La realidad virtual no es otra cosa que la generación, a través de medios informáticos, de imágenes de tal calidad que se tiene la impresión de estar viviendo una experiencia real.

La expresión “ponerse en los zapatos del otro” nunca había sido tan acertada, como cuando la usamos para referirnos a la realidad virtual.

Eso se llama empatía, esa capacidad de sentir cómo se siente el otro, y es lo que ha sabido reconocer un grupo de realizadores audiovisuales de la ONU.

Ellos utilizaron cámaras que graban en todos los ángulos, con las cuales se fueron a campos de refugiados. El resultado fue una experiencia de realidad virtual que permite a las personas, a miles de kilómetros de distancia, tomar conciencia de esta realidad.

Uso educativo

La educación es uno de los ámbitos en los que esta tecnología resulta de gran utilidad. Progresivamente se ha incorporado en las aulas, donde los alumnos se sumergen en la materia que estudian.
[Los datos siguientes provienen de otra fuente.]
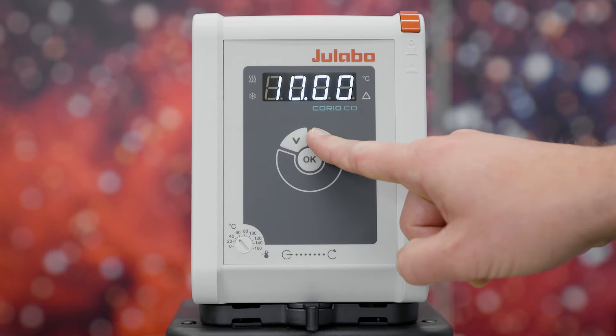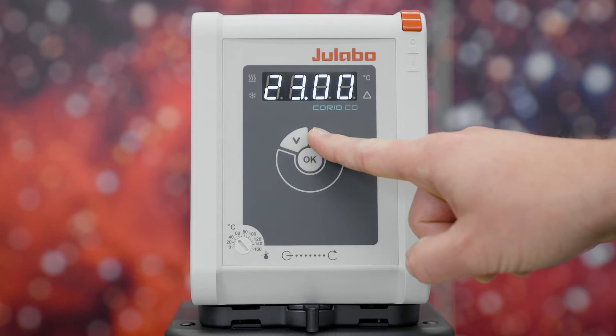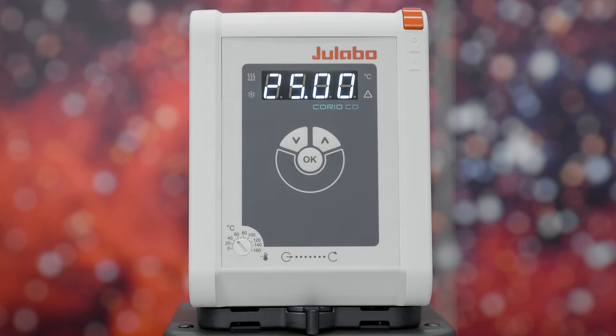You can change this by briefly pressing the arrow keys. First, you can set the integer value. Confirm with OK and set the decimal value as well. To finally set the desired value, press the OK button.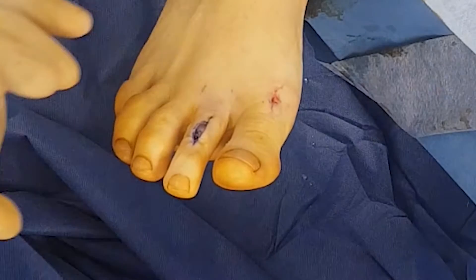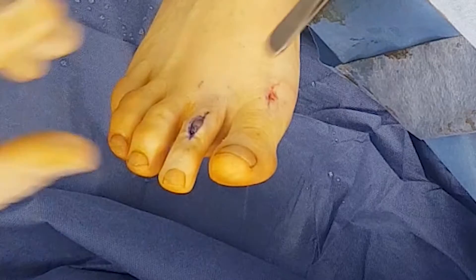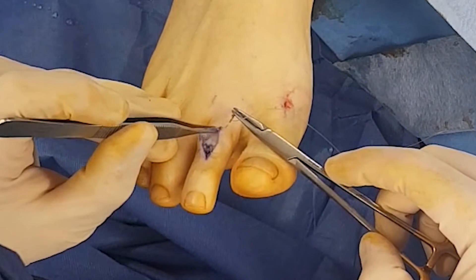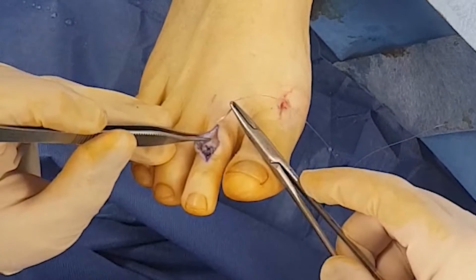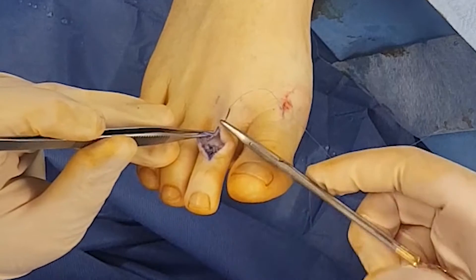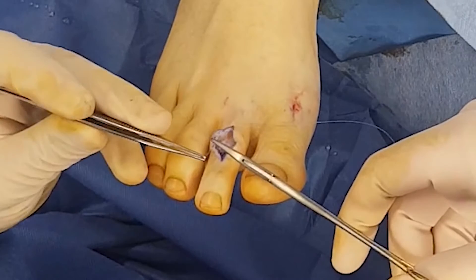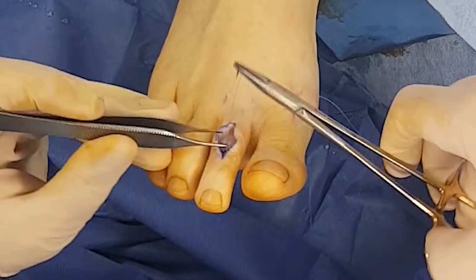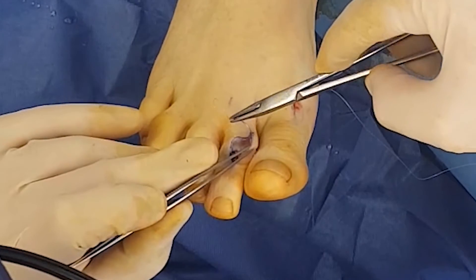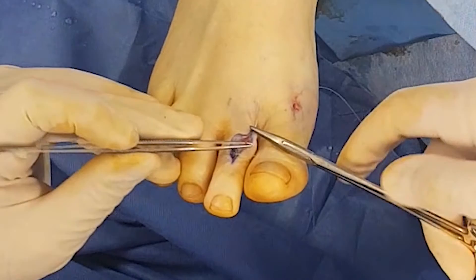Now that the tendon was repaired — we used 2-0 vicryl suture to do that — we're going to start with the skin, and we're using 3-0 monocryl here, which is also an absorbable suture. The technique is a running subcuticular method, and cosmetically they end up looking pretty good with just a fine white line once the scar has completely healed. I don't tie knots at the end; I just hold the ends with the steri-strips.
Ya no solo escuchan de labios de sus docentes cómo funciona el sistema nervioso, sino que “viajan” a través del sistema nervioso, así la narración del docente ahora cobra un realismo impresionante.

Surgen así aproximaciones más vivaces del conocimiento, lo mismo que nuevas y más elaboradas interrogantes de parte de los alumnos.

En este 2018, en el país se realizó la primera incorporación de esta herramienta en un aula de clases, lo hizo el Colegio Amador.

La institución dotó a los estudiantes de cámaras de realidad virtual, con las cuales hacen seguimiento a las clases de ciencia.

Desde el ámbito público, el gobierno también se ha preocupado porque los ciudadanos tengan aproximación al funcionamiento de la realidad virtual.

Durante la Feria Internacional del Libro, el espacio dedicado a República Digital permitió que el público viera con lentes similares lo que grababan dos drones, viajando en las alturas..

Fuera de nuestras fronteras, la realidad virtual se está usando para formar médicos, que pueden practicar cuantas veces sea necesario llevar a la práctica complicados procedimientos quirúrgicos..

Usos en la medicina

Muy relacionado con la experiencia anterior, destacan los usos asociados al restablecimiento de la salud.

Por una parte, se emplean para sesiones de rehabilitación, simulando situaciones cotidianas de los pacientes en las que deben tratar de usar su cuerpo correctamente.

Por otra parte, cada vez más se emplea en tratamientos psicológicos, como es el caso de las fobias a la oscuridad o a los vuelos.

Esto último recibe el nombre de desensibilización sistemática, que significa que los pacientes tienen una exposición gradual, y en condiciones seguras, a sus temores para superarlos progresivamente.

Como habrás visto, la realidad virtual no se trata sólo de la parte de diversión, también nos puede aproximar a los otros y generar cosas extraordinarias, como la empatía.